The lab's protective nanocoatings shield electrodes and membranes from corrosion, oxidation, and humidity, extending lifespan 2-3x while cutting material use 30-50%. For electrolysers (splitting water to hydrogen), coatings boost efficiency, lowering green hydrogen production costs from S$5-7/kg toward S$2/kg target. Publications from lab researchers, like thermal modeling of air-cooled PEMFC stacks, optimize designs for compact, efficient systems.
In Singapore's green hydrogen market (USD 1.5B+), this positions NTU-led innovations centrally. Global fuel cell market surges to USD 68B by 2033 (26% CAGR), with Asia-Pacific leading. Local pilots, like maritime fuel cells, benefit directly.

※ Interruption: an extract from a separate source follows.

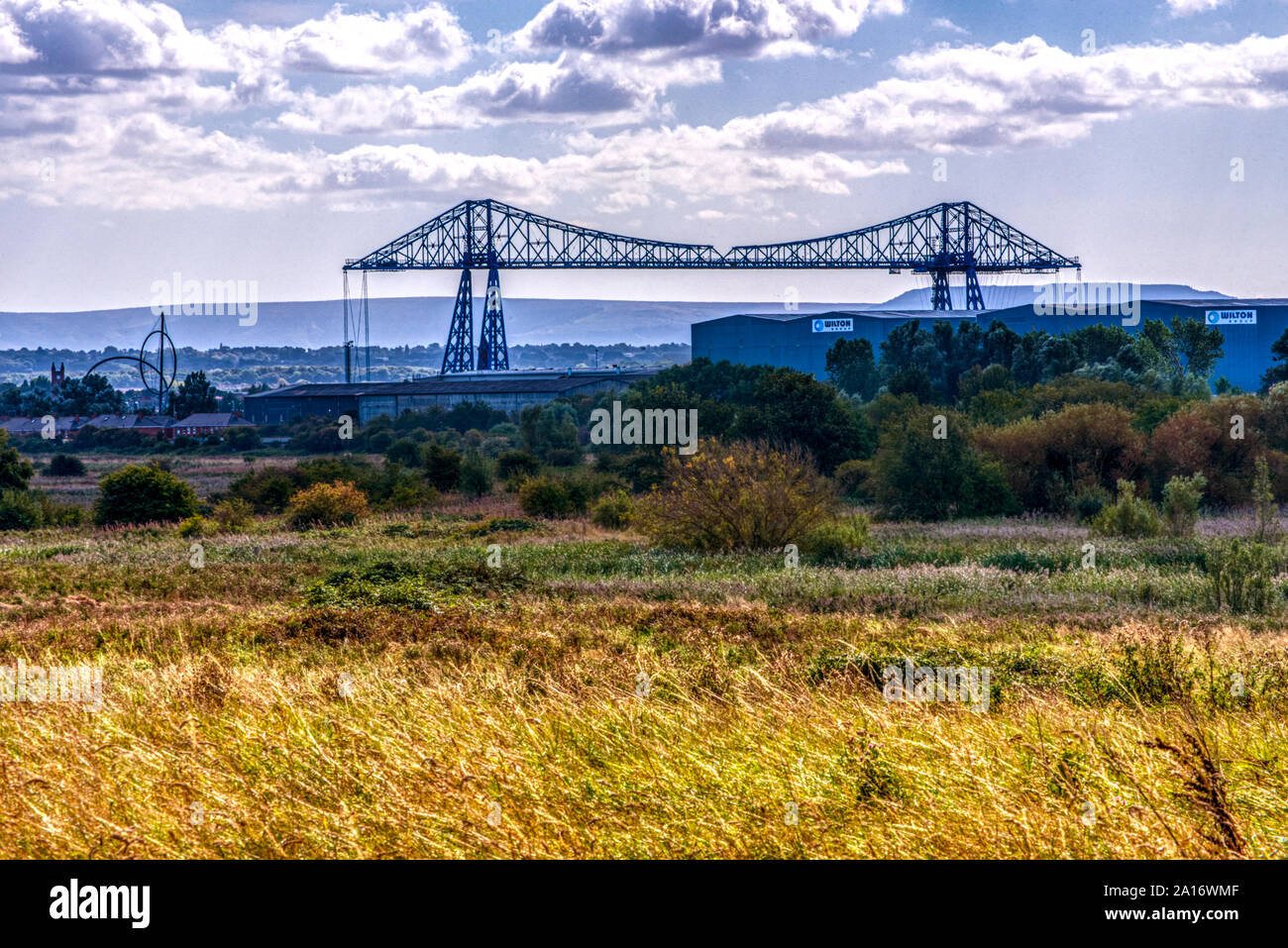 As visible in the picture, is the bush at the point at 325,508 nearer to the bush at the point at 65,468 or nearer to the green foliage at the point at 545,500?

Beyond Healthcare and Energy: Semiconductor and Manufacturing Leaps
The lab's nanofabrication thrust tackles chipmaking: uniform coatings fill high-aspect-ratio vias, enabling denser 3D circuits for AI/data centres. Heat-dissipating films prevent overheating in processors, vital as Singapore's semicon sector (20% GDP) eyes S$100B output.
Sustainable manufacturing coatings reduce waste/energy in processes, aligning with green goals.

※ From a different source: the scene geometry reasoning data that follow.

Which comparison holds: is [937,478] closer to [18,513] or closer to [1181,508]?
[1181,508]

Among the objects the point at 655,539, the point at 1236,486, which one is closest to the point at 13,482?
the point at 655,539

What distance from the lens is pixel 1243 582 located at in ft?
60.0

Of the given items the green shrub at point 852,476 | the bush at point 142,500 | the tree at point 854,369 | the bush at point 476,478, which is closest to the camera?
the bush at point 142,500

Fostering Talent and Ecosystem Synergies
With PhD scholarships, internships, and joint supervision, the lab nurtures 60+ next-gen experts. NTU's interdisciplinary approach—spanning Materials Science, Engineering, Medicine—equips graduates for deep-tech careers. Tripartite NDCS model exemplifies clinical translation.
RIE2025's S$25B investment amplifies this, creating jobs (nanotech sector 10,000+ roles projected) and spin-offs.
Economic Ripples and Societal Gains
Lab outputs promise S$ billions: dental savings (implants S$3-5K each, revisions costly); fuel cells enabling net-zero shipping/aviation; semicon sustaining 100K jobs. Healthier seniors boost productivity; clean energy cuts emissions 50% via hydrogen.
Singapore's nanotech investments yield 5-10x ROI historically.
Looking Ahead: Roadmap to Commercialization
Next 2-5 years: clinical trials for dental coatings, prototypes for fuel cells/electrolyser pilots. IP commercialization, global scaling via NTI's network. Minister Tan envisions 'more innovations' from such labs.
Prof Lam: 'Universities, industry, agencies working hand-in-hand.' Dr Shi: 'Launchpad for industry-led innovation.'
Photo by Elena Mozhvilo on Unsplash
Stakeholder Perspectives and Challenges
Experts laud biocompatibility advances reducing peri-implantitis (20% failure rate). Challenges: scaling production, regulatory approvals (HSA/MOH). Solutions: lab's industrial setup accelerates validation.
Broader implications: ethical nanotech use, equitable access.